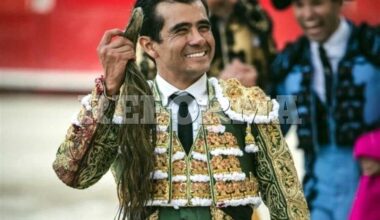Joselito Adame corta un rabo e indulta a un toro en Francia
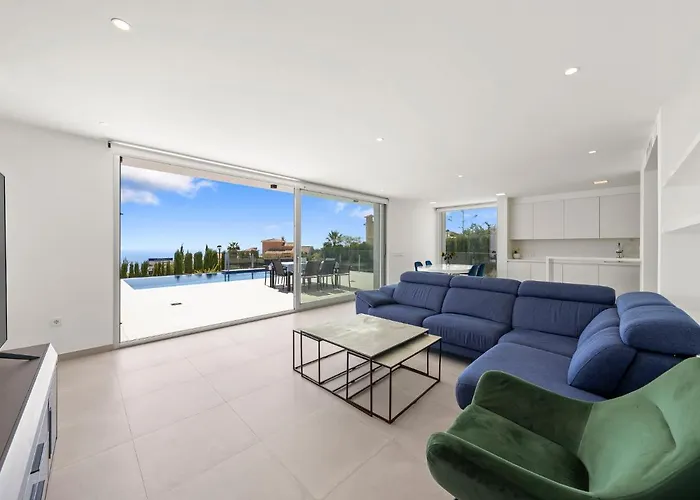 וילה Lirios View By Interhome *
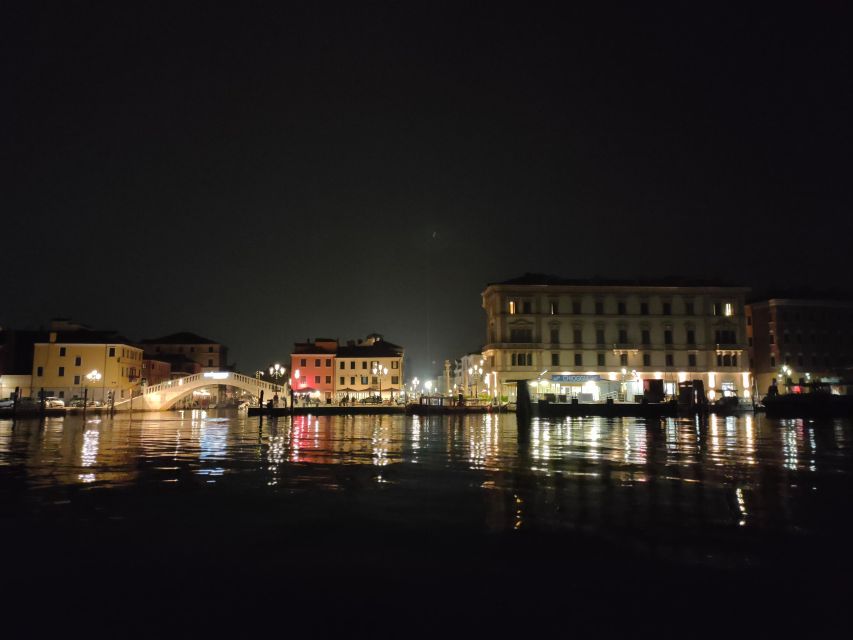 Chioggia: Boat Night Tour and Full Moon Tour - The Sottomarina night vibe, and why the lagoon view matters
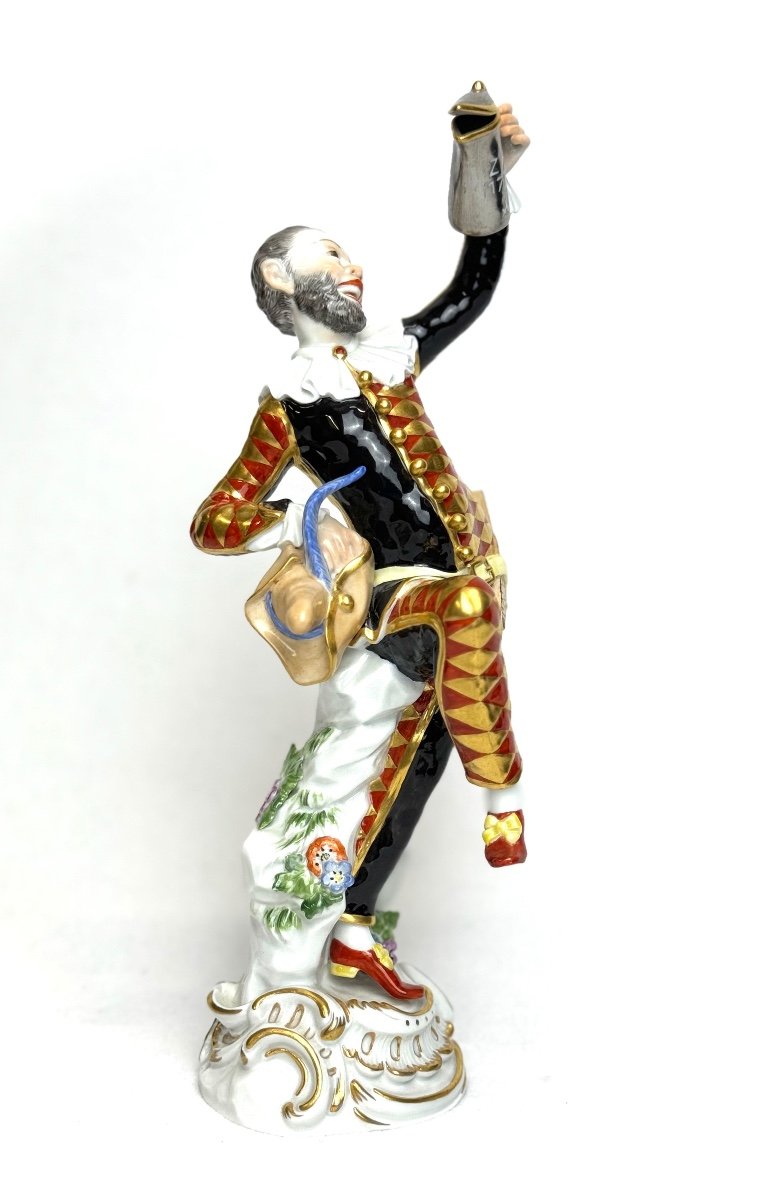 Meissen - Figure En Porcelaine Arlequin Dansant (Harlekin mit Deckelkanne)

==

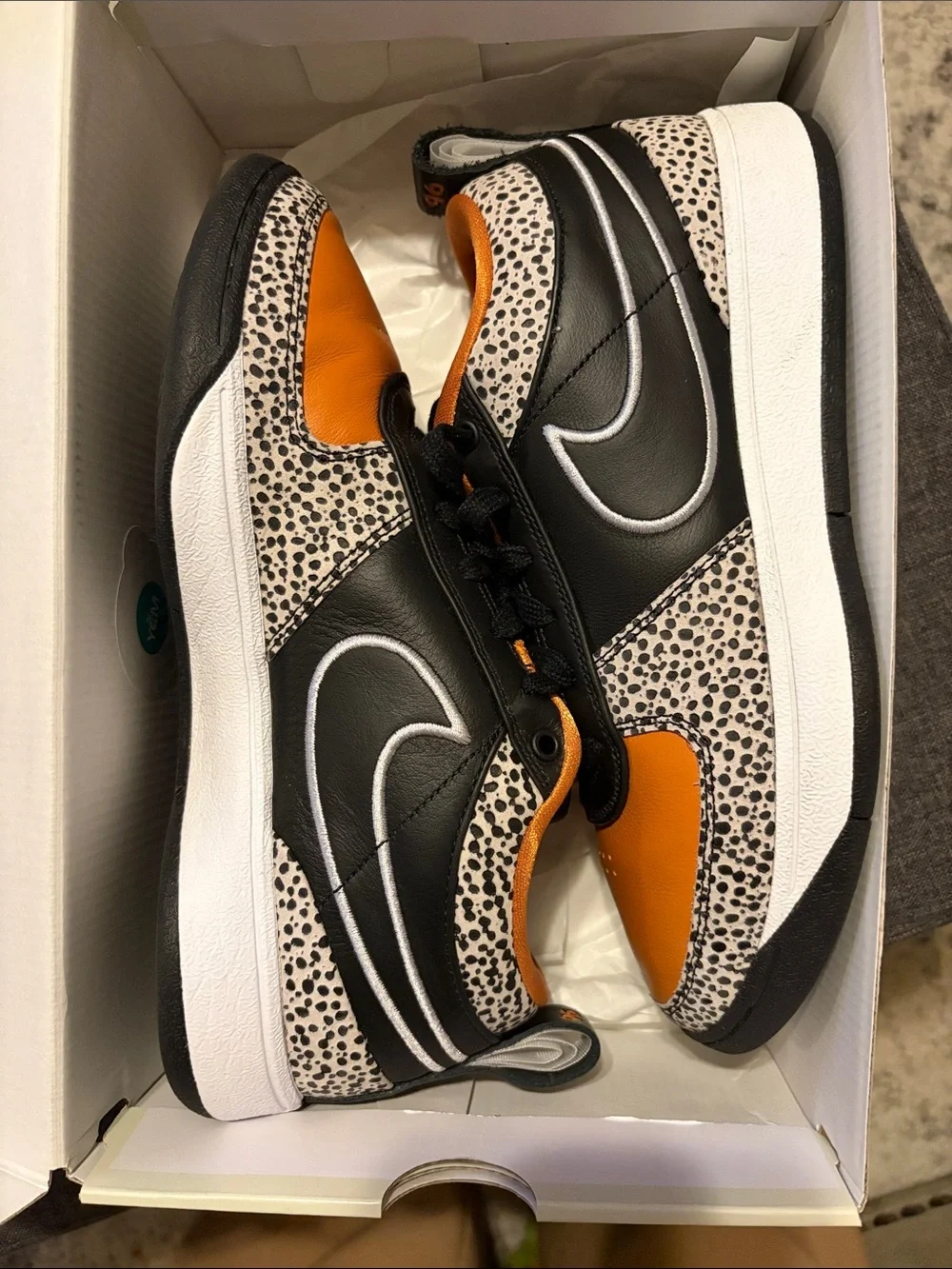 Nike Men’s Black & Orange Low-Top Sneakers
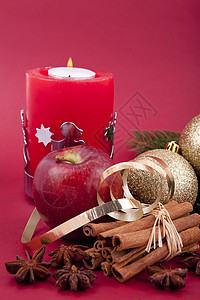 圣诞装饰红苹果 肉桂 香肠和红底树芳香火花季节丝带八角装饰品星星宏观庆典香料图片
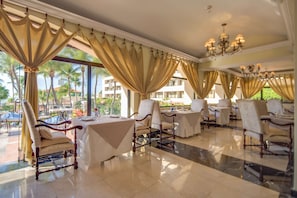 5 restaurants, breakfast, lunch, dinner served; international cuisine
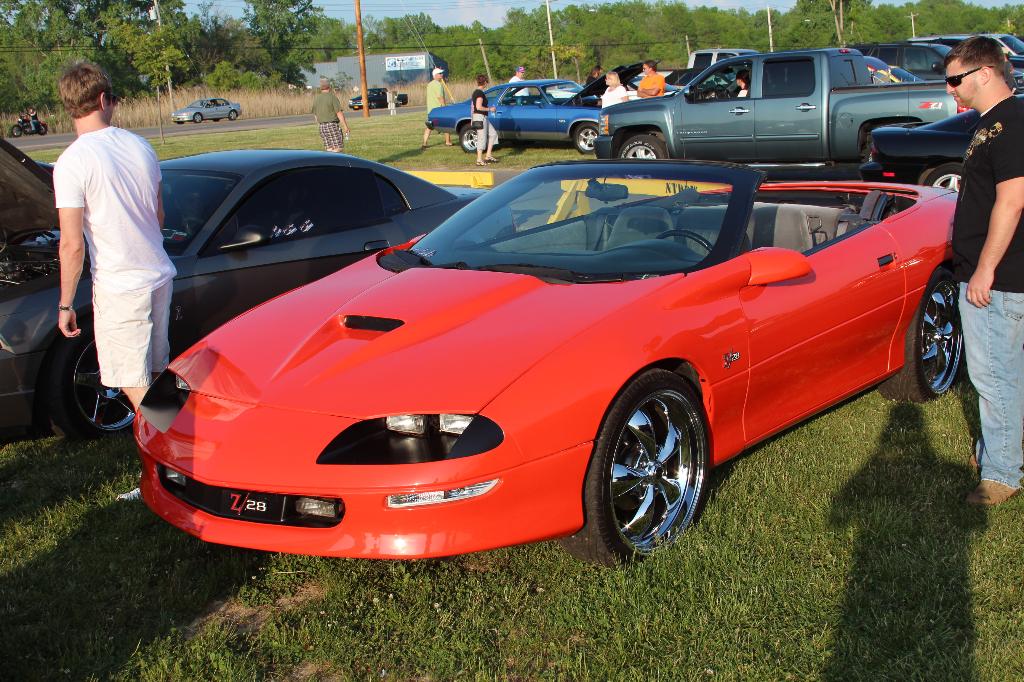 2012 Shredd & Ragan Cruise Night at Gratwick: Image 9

Exercise directions
What's needed is an exact copy of the lines above from the one with "Chioggia: Boat Night" through the one with "Meissen - Figure", both included; the pictures stay out.

Answer area
 Chioggia: Boat Night Tour and Full Moon Tour - The Sottomarina night vibe, and why the lagoon view matters
 Meissen - Figure En Porcelaine Arlequin Dansant (Harlekin mit Deckelkanne)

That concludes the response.